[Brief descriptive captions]
- - - - - - -
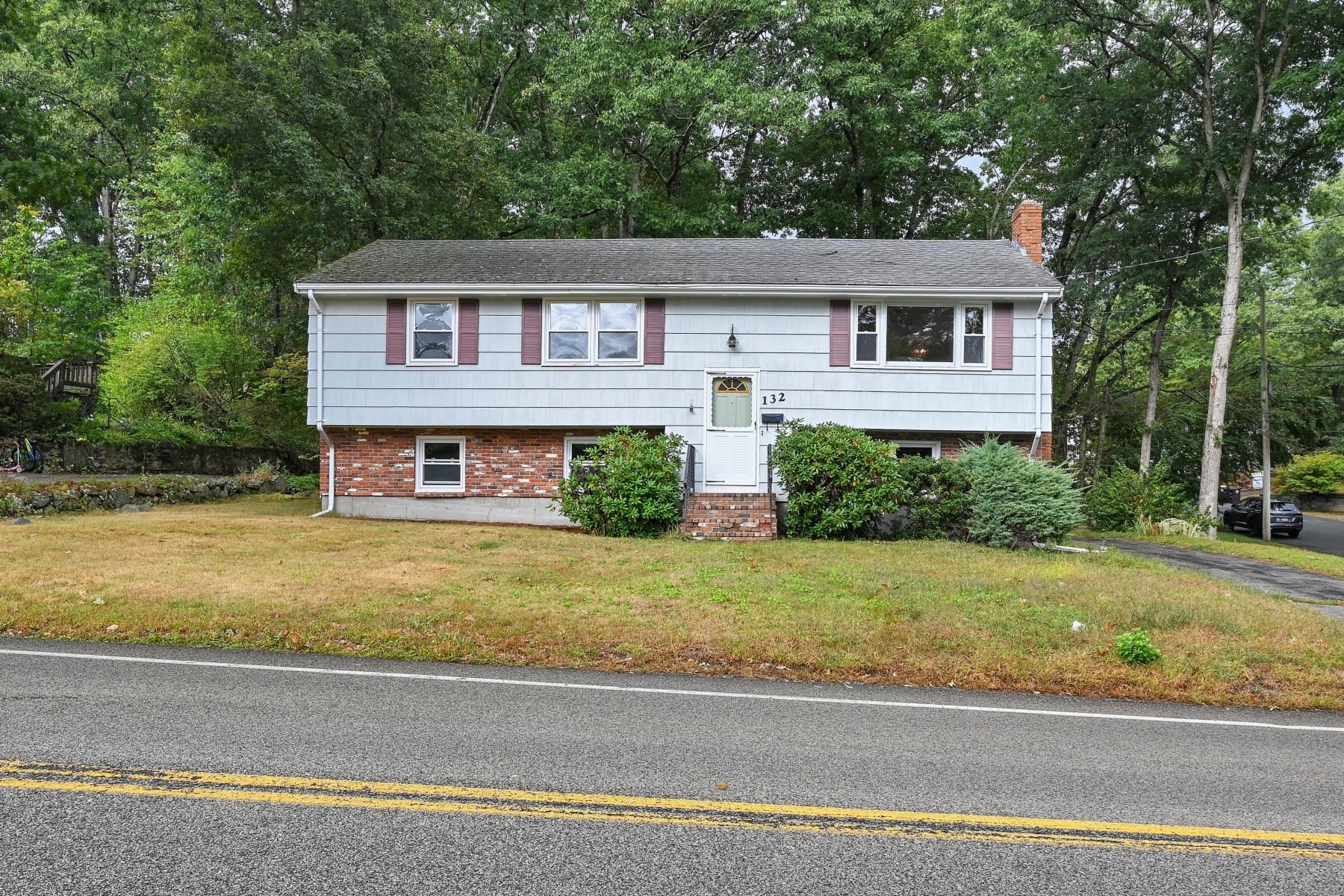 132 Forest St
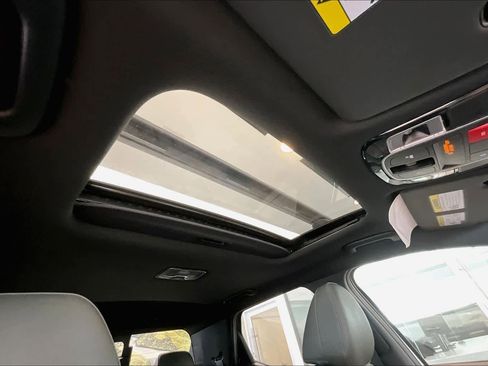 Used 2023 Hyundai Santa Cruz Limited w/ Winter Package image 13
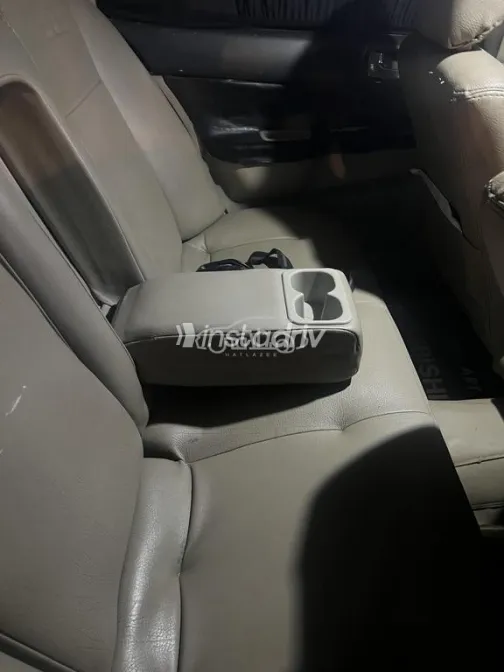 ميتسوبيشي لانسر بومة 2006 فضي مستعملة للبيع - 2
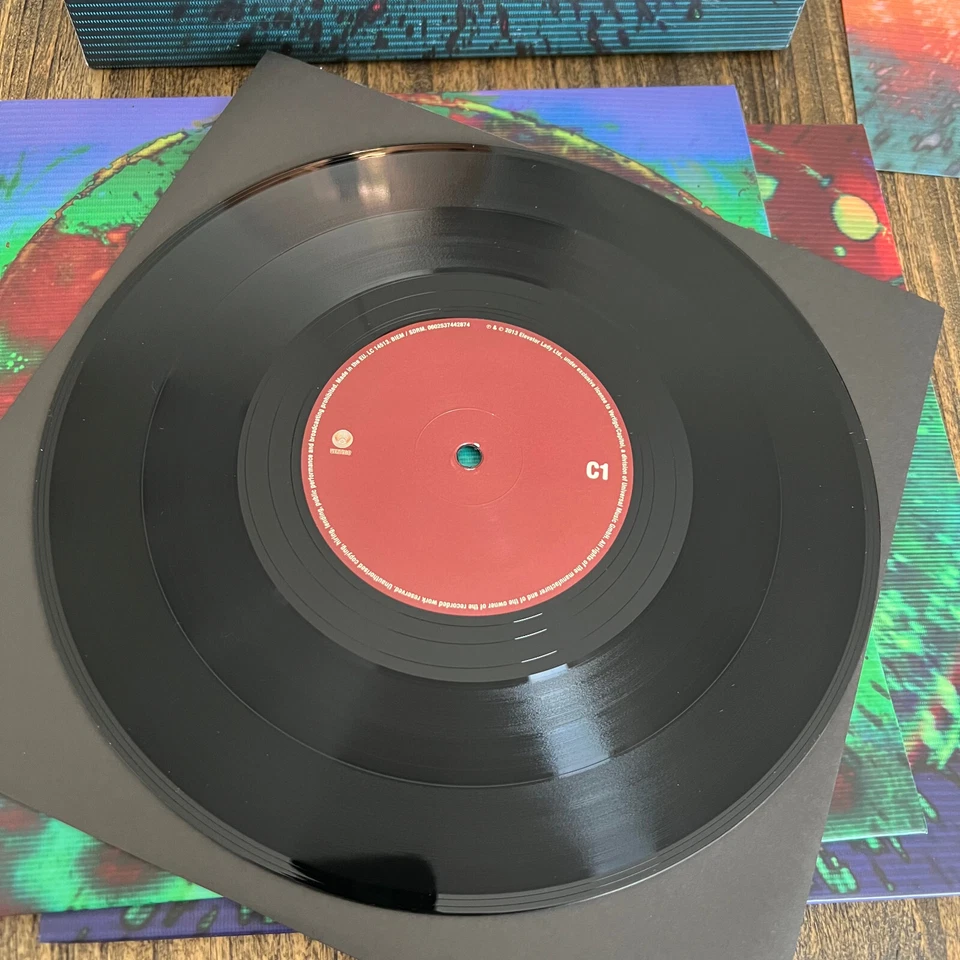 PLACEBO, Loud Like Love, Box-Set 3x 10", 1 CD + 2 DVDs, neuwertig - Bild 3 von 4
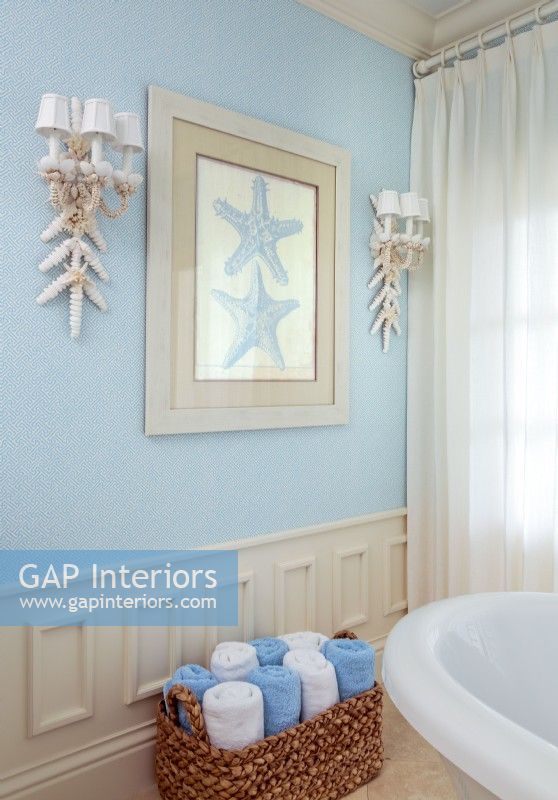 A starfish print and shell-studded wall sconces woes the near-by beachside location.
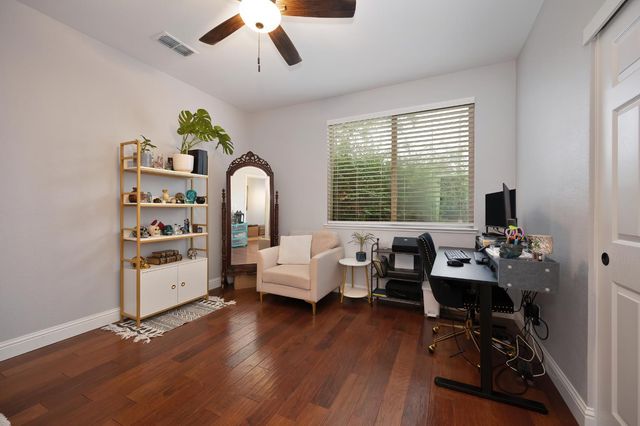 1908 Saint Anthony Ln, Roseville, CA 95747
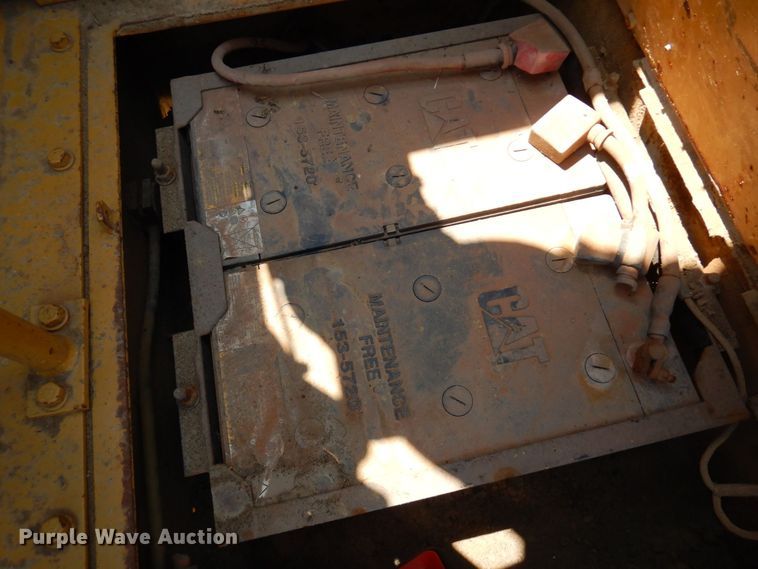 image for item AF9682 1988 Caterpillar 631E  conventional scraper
- - - - - - -
* **Exercise requirements**: Extract, word for word, every line from the one holding "Used 2023 Hyundai" through the closing line of the data above. Do not include any pictures.

* **Expected answer**:
 Used 2023 Hyundai Santa Cruz Limited w/ Winter Package image 13
 ميتسوبيشي لانسر بومة 2006 فضي مستعملة للبيع - 2
 PLACEBO, Loud Like Love, Box-Set 3x 10", 1 CD + 2 DVDs, neuwertig - Bild 3 von 4
 A starfish print and shell-studded wall sconces woes the near-by beachside location.
 1908 Saint Anthony Ln, Roseville, CA 95747
 image for item AF9682 1988 Caterpillar 631E  conventional scraper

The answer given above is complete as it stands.